• _Records for the task_
* * * * * * * * *

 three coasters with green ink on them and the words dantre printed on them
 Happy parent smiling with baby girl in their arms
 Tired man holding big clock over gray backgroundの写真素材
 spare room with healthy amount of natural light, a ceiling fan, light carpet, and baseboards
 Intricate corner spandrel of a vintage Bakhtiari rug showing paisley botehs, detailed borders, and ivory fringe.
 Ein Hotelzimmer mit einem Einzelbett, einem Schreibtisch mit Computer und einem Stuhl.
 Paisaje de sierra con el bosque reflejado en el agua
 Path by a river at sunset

* * * * * * * * *

• _Description of the task_
Your answer must be an exact copy of every record.

• _Solved problem_
 three coasters with green ink on them and the words dantre printed on them
 Happy parent smiling with baby girl in their arms
 Tired man holding big clock over gray backgroundの写真素材
 spare room with healthy amount of natural light, a ceiling fan, light carpet, and baseboards
 Intricate corner spandrel of a vintage Bakhtiari rug showing paisley botehs, detailed borders, and ivory fringe.
 Ein Hotelzimmer mit einem Einzelbett, einem Schreibtisch mit Computer und einem Stuhl.
 Paisaje de sierra con el bosque reflejado en el agua
 Path by a river at sunset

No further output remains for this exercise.